But look at the map. It cannot be a coincidence that many of the former priority neighbourhoods and many of the new additional Neighbourhood Improvement Areas sit in those former municipalities. Etobicoke, Scarborough, York. Traditional home to many of the city’s most anti-tax, small government zealots. Such zealotry continues to be represented on city council today.
The mayor, his brother, the afore-mentioned trio of Crisanti, Mammoliti and Nunziata. Throw in the budget chief, Frank Di Giorgio. The former budget chief, Mike Del Grande. Budget Committee members, councillors Gary Crawford and Ron Moeser.

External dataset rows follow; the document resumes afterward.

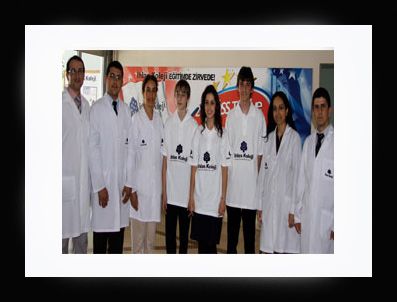 İhlas Koleji öğrencileri 500 tam puan aldı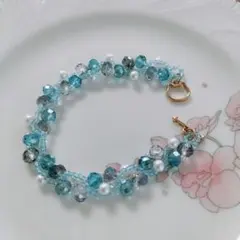 ガラスビーズの眩し過ぎるブルーブレスレット*＊handmade＊*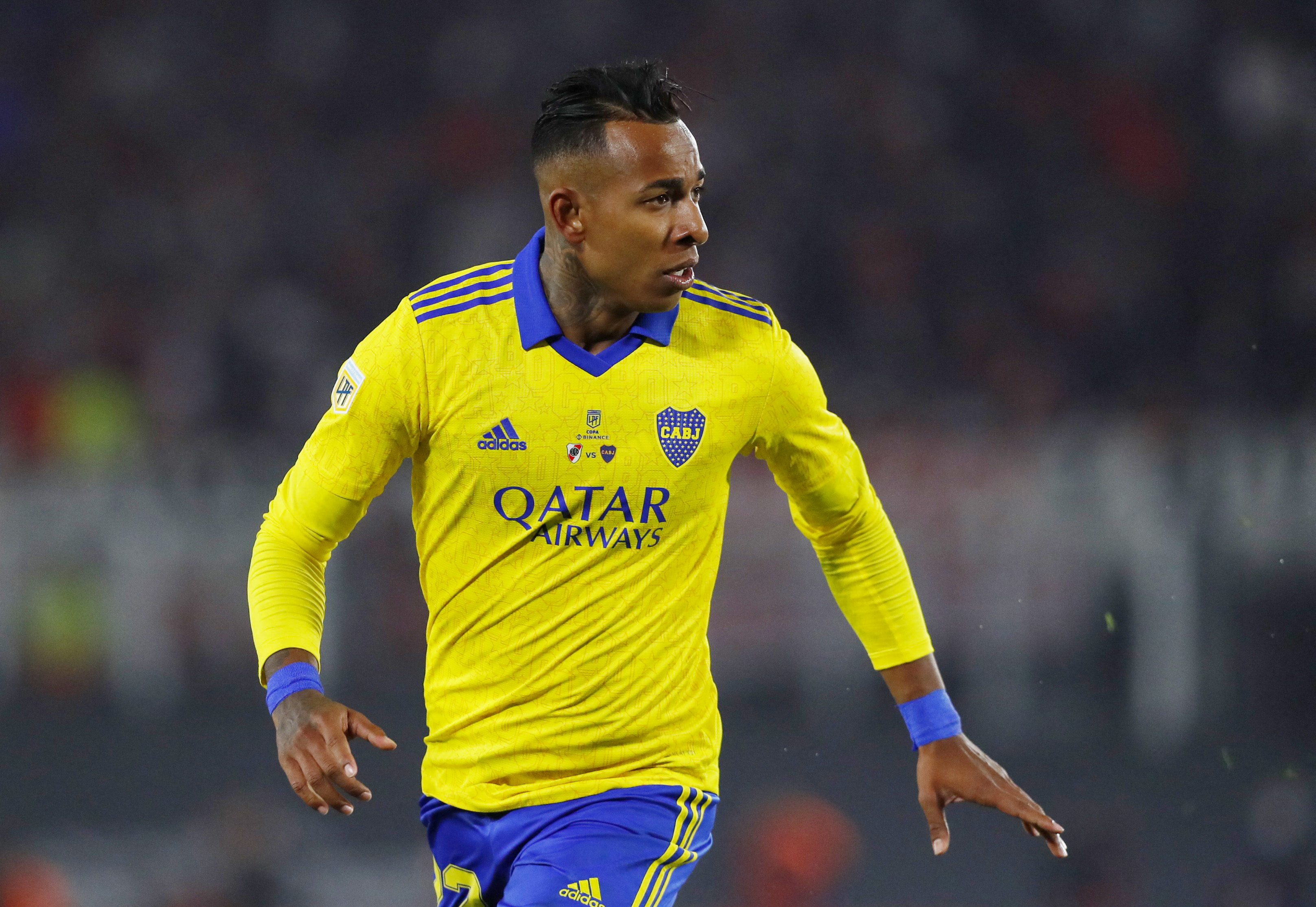 コロンビアのセバスティアン ヴィラがアルゼンチンのサッカーでボカとラヌスの試合でvarに疑問を投げかけた Infobae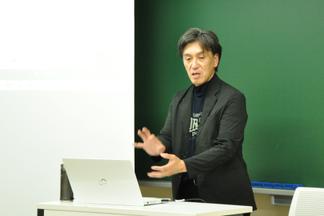 ゼミ教室でレクチャーする渡辺氏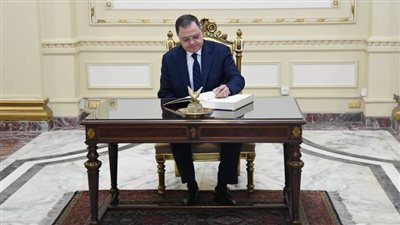 بالأسماء..الإذن لـ 21 شخصًا بالتجنس بالجنسيات الأجنبية مع احتفاظهم بالجنسية المصرية 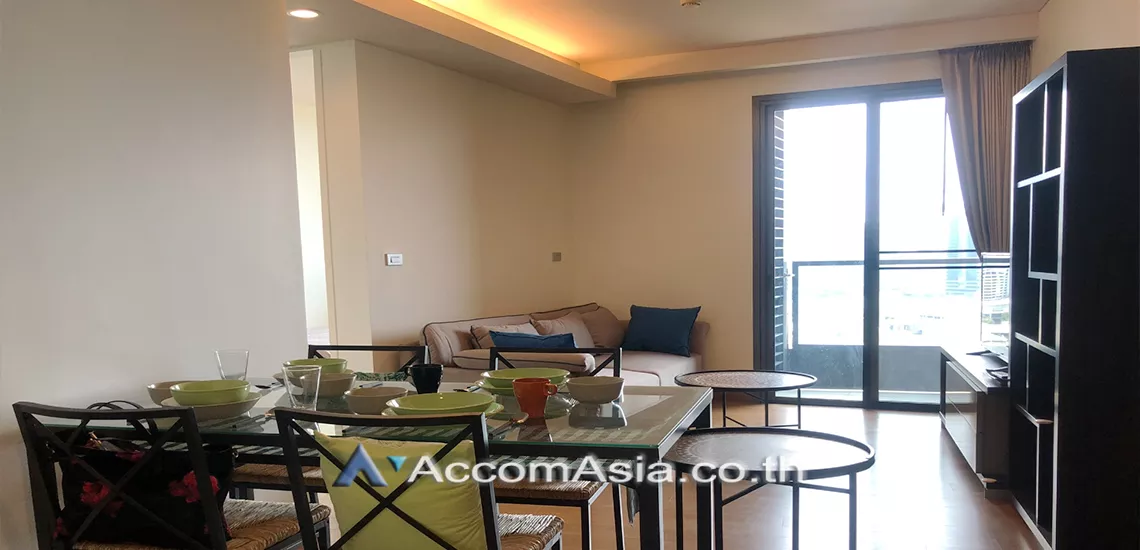  2 Bedrooms  Condominium For Rent in Sukhumvit, Bangkok  near BTS Phrom Phong (AA29549)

Councillor James Pasternak, also a member of the Budget Committee and fiscal hawk, bemoaned the loss of a priority neighbourhood, Westminster-Branson, in his ward in the new configuration. “This is not a time to cut back, when you make certain headway,” the councillor said. “You keep the funding to make sure there’s no sliding back.”
Yeah well, Councillor Pasternak. Maybe you should’ve thought about that when you fought to keep our property taxes low, tossed out the vehicle registration tax, put money toward a totally unnecessary subway. Didn’t you ask for a report exploring the possibility of reducing the Land Transfer Tax, another source of city revenue, next year?
So here we are, with the lowest property tax rate in the GTA, under-utilized and always under threat sources of possible revenue, staring at huge infrastructure needs and growing segments of the city woefully under-serviced, isolated and alienated.
We have enough? How about, We’ve had enough? Respect for Taxpayers was a real nice, catchy slogan but it’s done fuck all for an increasing number of residents of this city. It’s time to stop pretending and accepting responsibility to make things better for all of us, not just some of us.